▸ Exercise aim
Within the records that follow, restate exactly the lines from the line with "webcam girl vany_love today image #1119839" down to the line with "4260 Via Arbolada, Los", including both. Omit the pictures.

▸ Material to process
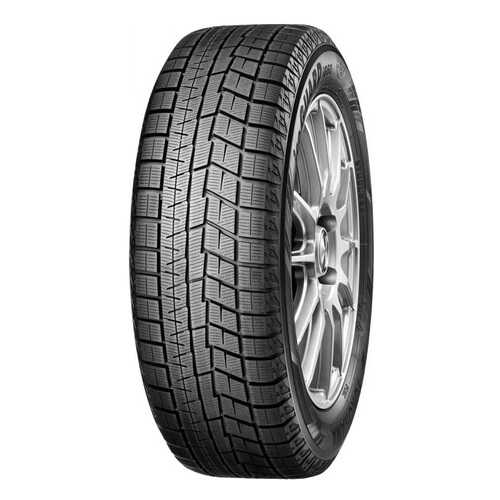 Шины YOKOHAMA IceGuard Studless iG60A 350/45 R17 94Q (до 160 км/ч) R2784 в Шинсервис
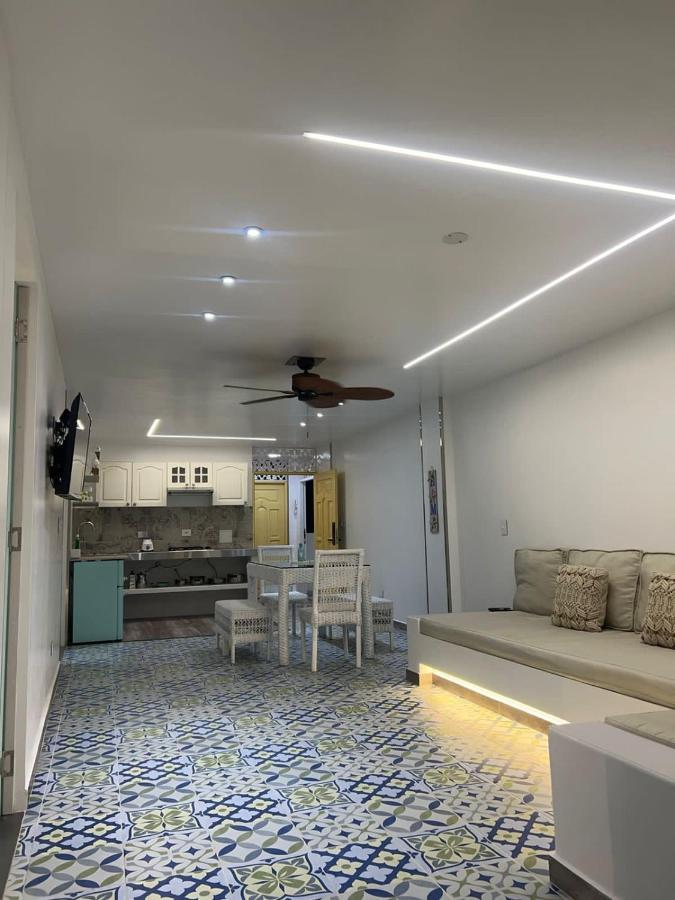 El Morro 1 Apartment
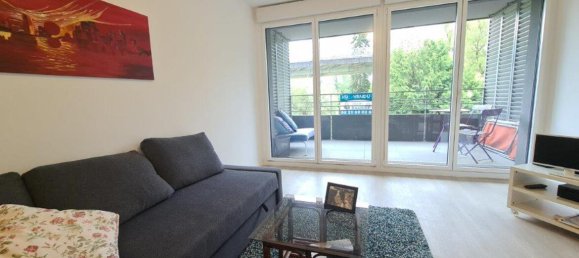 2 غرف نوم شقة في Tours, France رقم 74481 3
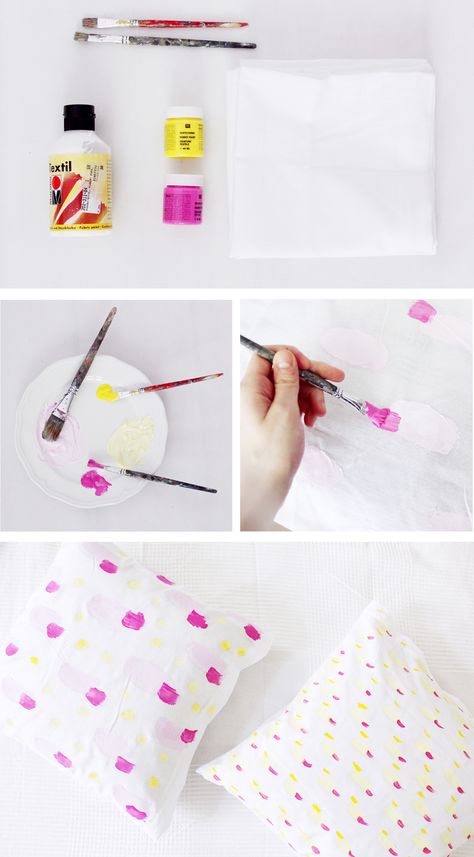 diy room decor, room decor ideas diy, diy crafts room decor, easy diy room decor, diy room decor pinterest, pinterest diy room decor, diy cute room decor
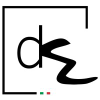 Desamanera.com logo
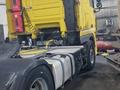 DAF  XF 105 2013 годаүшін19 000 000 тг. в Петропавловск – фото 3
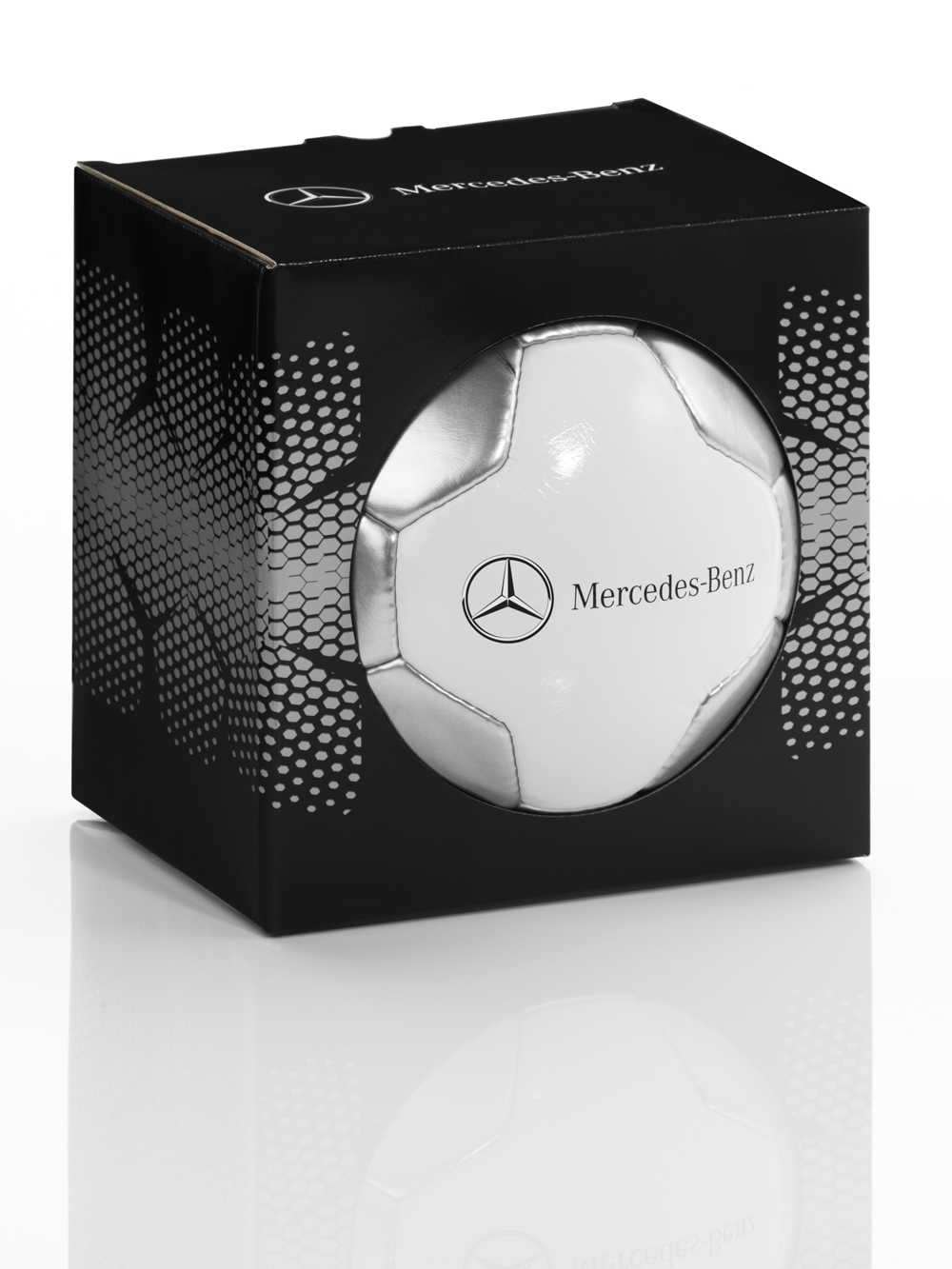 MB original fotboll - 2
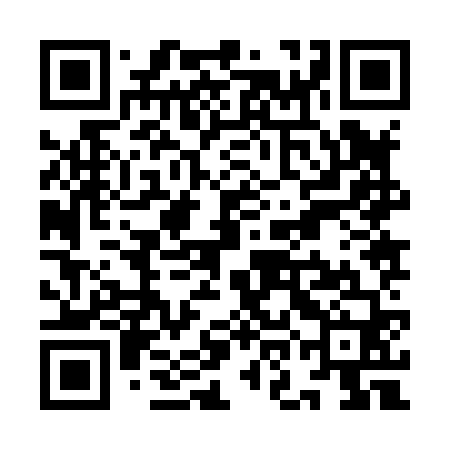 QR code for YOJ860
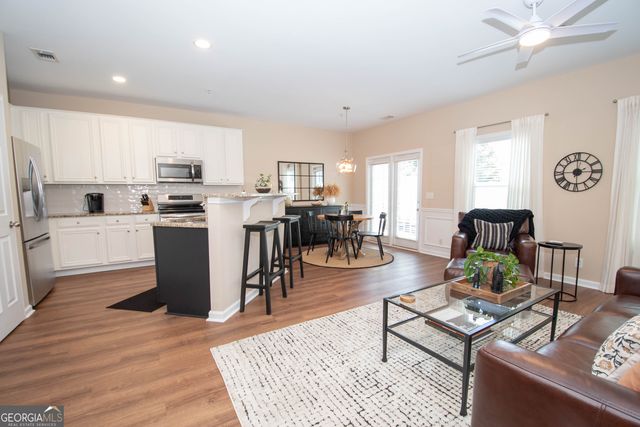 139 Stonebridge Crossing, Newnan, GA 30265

...

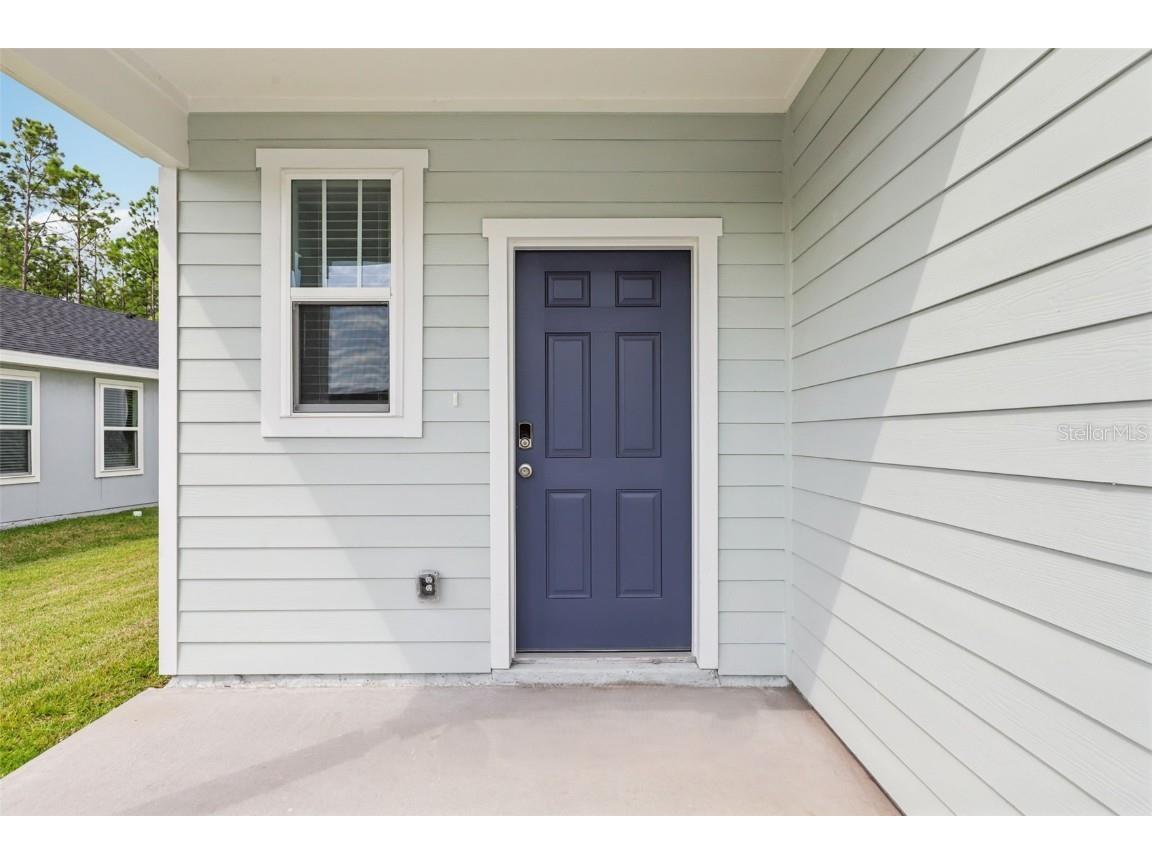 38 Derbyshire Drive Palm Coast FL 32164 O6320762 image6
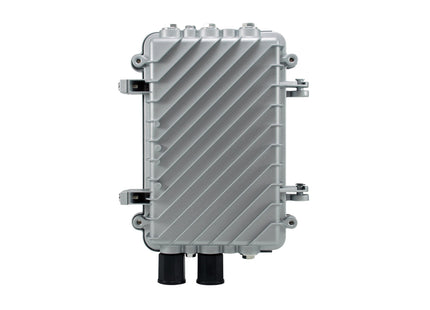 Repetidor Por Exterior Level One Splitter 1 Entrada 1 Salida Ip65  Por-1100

* * *

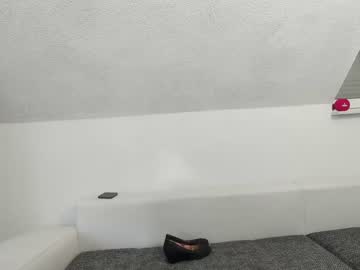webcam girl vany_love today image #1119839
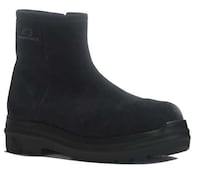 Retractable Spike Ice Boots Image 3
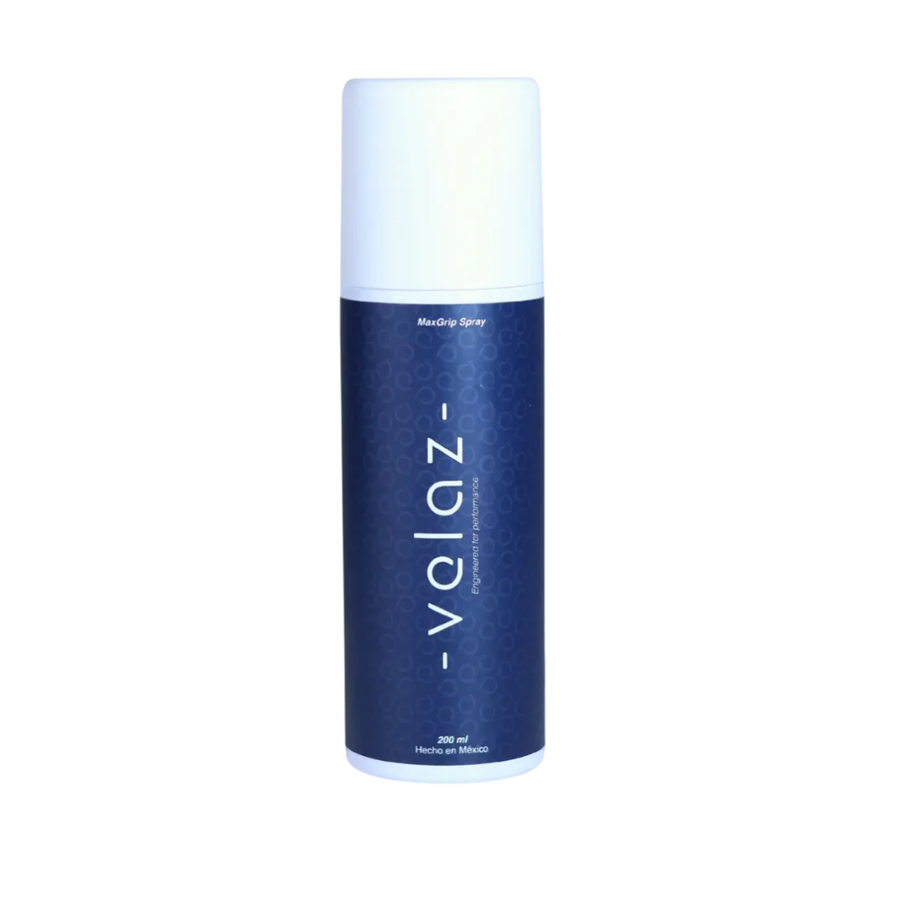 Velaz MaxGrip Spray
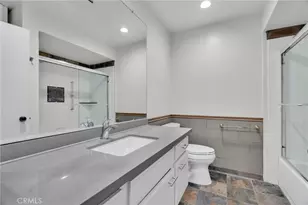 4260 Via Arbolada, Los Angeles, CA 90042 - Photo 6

▸ Answer box
webcam girl vany_love today image #1119839
 Retractable Spike Ice Boots Image 3
 Velaz MaxGrip Spray
 4260 Via Arbolada, Los Angeles, CA 90042 - Photo 6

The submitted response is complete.